We measure UV and IR spectra in the gas phase for EuOH+, EuCl+, and TbO+ ions, which are produced by an electrospray ionization source and cooled to ~10 K in a cold, 22-pole ion trap. The UV photodissociation (UVPD) spectra of these ions show a number of sharp, well-resolved bands in the 30000–38000 cm–1 region, although a definite assignment of the spectra is difficult because of a high degree of congestion. We also measure an IR spectrum of the EuOH+ ion in the 3500–3800 cm–1 region by IR-UV double resonance spectroscopy, which reveals an OH stretching band at 3732 cm–1. We perform density functional theory (DFT) and time-dependent DFT (TD-DFT) calculations of these ions in order to examine the nature of the transitions.

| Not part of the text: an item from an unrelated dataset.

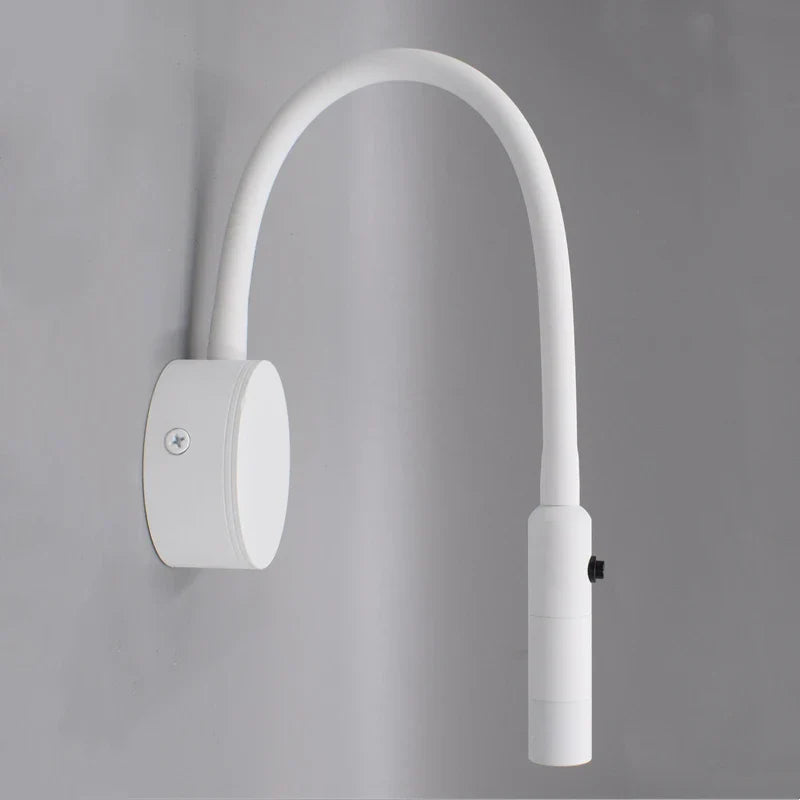 Modern Flexible LED Reading Wall Lamp with Switch for Bedroom and Study - 1W/3W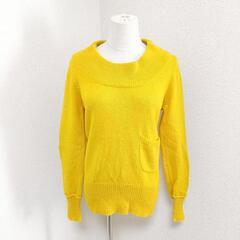 ツモリチサト ラウンドネック長袖ニットセーター ウール 黄色 2...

The DFT results indicate that the states of highest spin multiplicity (octet for EuOH+ and EuCl+, and septet for TbO+) is substantially more stable than other states of lower spin multiplicity. The TD-DFT calculations suggest that the UV absorption of the EuOH+ and EuCl+ ions arises from Eu(4f)→Eu(5d, 6p) transitions, whereas the electronic transitions of the TbO+ ion are mainly due to the electron promotion of O(2p)→Tb(4f, 6s). The UVPD results of the lanthanide-containing ions in this study suggest the possibility of using lanthanide ions as “conformation reporters” for the gas-phase spectroscopy for large molecules.

This work was partly supported by JSPS KAKENHI Grant Number 16H04098 and by the Swiss National Science Foundation under grant number 200020_152804.